Palo Alto Prisma SASE wins on security depth and user experience visibility. ADEM’s hop-by-hop telemetry is genuinely differentiated, and ZTNA 2.0’s continuous verification closes holes that legacy ZTNA left open. It’s a complex platform to configure—essentially a distributed next-generation firewall—but organizations with existing Palo Alto deployments have a path through that complexity.
Cato Networks wins on convergence and simplicity. Because they built SD-WAN and SSE together from inception rather than acquiring separate products, there’s no integration friction. Their global private backbone provides MPLS-comparable SLAs over the internet. The tradeoff is a closed ecosystem—you generally use the full Cato stack, which means less flexibility if you want to bring in best-of-breed components.

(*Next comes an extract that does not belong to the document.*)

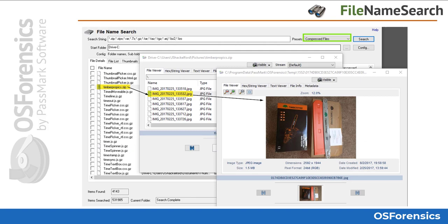When viewing compressed or compound files from the file name search module, such as zip files for instance, simply double-click the file, which will then present you a list of files contained within that compound file. From here you can choose to view those individual files by clicking on them — they will be opened in the OS Forensics file viewer.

Reality Check: No vendor will tell you where they’re weakest. Run your own PoC for each shortlisted vendor against your actual traffic patterns—not their lab environment. Sixty days of real data will surface the gaps their sales team won’t.
Getting the Sequence Right
The seven steps above aren’t arbitrary—they’re sequential because each one creates the preconditions for the next. You can’t define meaningful ZTNA policies (Step 3) until you’ve mapped your applications (Step 1). You can’t retire VPNs (Step 5) until you’ve configured ZTNA (Steps 3 and 4). You can’t measure outcomes (Step 7) until you have a baseline to measure against.
Where most enterprise deployments stumble is treating this as a technology project rather than an architectural transformation. The traffic assessment gets compressed. The architecture decision gets made by a vendor instead of by the organization. Policy definition starts with the vendor’s default templates rather than the organization’s actual access requirements. Then six months later, you’re explaining to the CISO why the SASE platform is running in parallel with the VPN with no end date in sight.
Follow the sequence. Take the assessment seriously. Make the architecture decision before you start the PoC, not after. And measure everything.
The organizations that execute this well don’t just end up with a better security architecture—they end up knowing their network better than they did before they started. That knowledge is worth something independent of the SASE deployment itself.